What is expected = Would you repeat word for word the lines of the listing that follows, from the one with "strap slim camisole" up to and including the one with "Vintage Genuine Carved", and leave out the images?

Data to examine =
↓↓↓

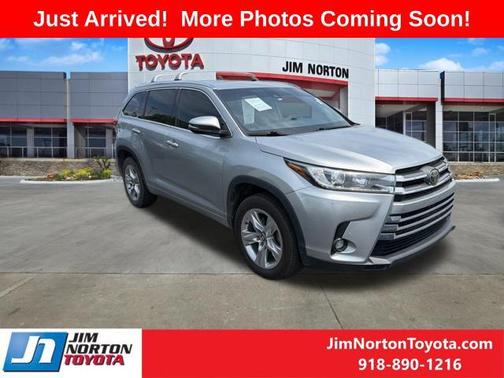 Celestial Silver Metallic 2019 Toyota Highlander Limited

↑↑↑
↓↓↓

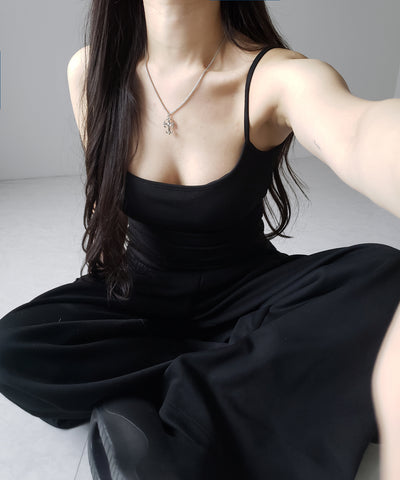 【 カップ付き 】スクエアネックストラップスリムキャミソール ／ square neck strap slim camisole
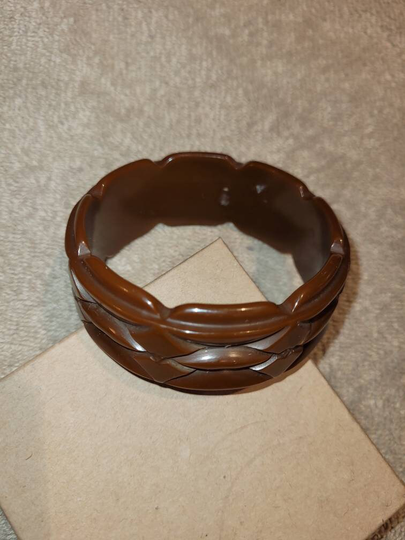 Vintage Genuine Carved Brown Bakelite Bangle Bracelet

↑↑↑
↓↓↓

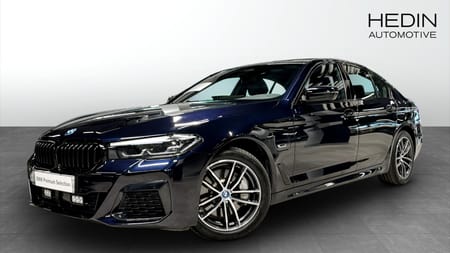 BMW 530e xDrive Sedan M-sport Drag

↑↑↑

Task response =
 【 カップ付き 】スクエアネックストラップスリムキャミソール ／ square neck strap slim camisole
 Vintage Genuine Carved Brown Bakelite Bangle Bracelet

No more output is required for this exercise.